Godforsaken Dot On The Map Covets NASCAR



The NY Times' Charles V. Bagli and Eric Dash report this morning on the difficulties in building a NASCAR facility on Staten Island.

Four million cubic yards of silt from the bottom of New York Harbor would be needed to raise the height of the property so that it would not be underwater during severe rainstorms.

The site, once home to an oil tank farm, would have to be certified as environmentally clean.

The muskrats, herons and ibises and other not-so-endangered species in 100 acres of marshland would have to be protected.

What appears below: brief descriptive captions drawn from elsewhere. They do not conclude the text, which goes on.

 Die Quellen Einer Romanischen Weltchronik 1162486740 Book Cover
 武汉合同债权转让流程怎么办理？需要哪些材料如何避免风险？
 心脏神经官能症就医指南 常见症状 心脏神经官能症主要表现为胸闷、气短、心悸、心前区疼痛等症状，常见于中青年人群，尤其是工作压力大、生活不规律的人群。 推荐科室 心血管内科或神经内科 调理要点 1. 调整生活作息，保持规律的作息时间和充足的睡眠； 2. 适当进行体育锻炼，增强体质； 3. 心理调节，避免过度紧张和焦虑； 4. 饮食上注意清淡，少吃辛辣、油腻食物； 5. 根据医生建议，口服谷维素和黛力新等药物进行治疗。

And a way would have to be found to move an estimated 80,000 fans to and from the site, which is surrounded by crowded highways, three weekends a year.

Those are the major hurdles facing the developers who hope to turn a 600-acre parcel near the Goethals Bridge on Staten Island into the ideal site for a Nascar speedway with a ¾-mile oval track, an 80,000-seat grandstand and a 500,000-square-foot shopping mall.

Said article is headlined "Speedway Company Faces Major Obstacles To Bring Nascar to S.I.". I might submit another major obstacle : only rubes, rednecks and retards want to watch a bunch of saloon cars going around and around in a circle. If residents of the Tri-State Area are desperate for motor sport with more than its share of brutal competition and potential for mass casualties, they already have a suitable venue where such events happen around the clock. It's called the Long Island Expressway.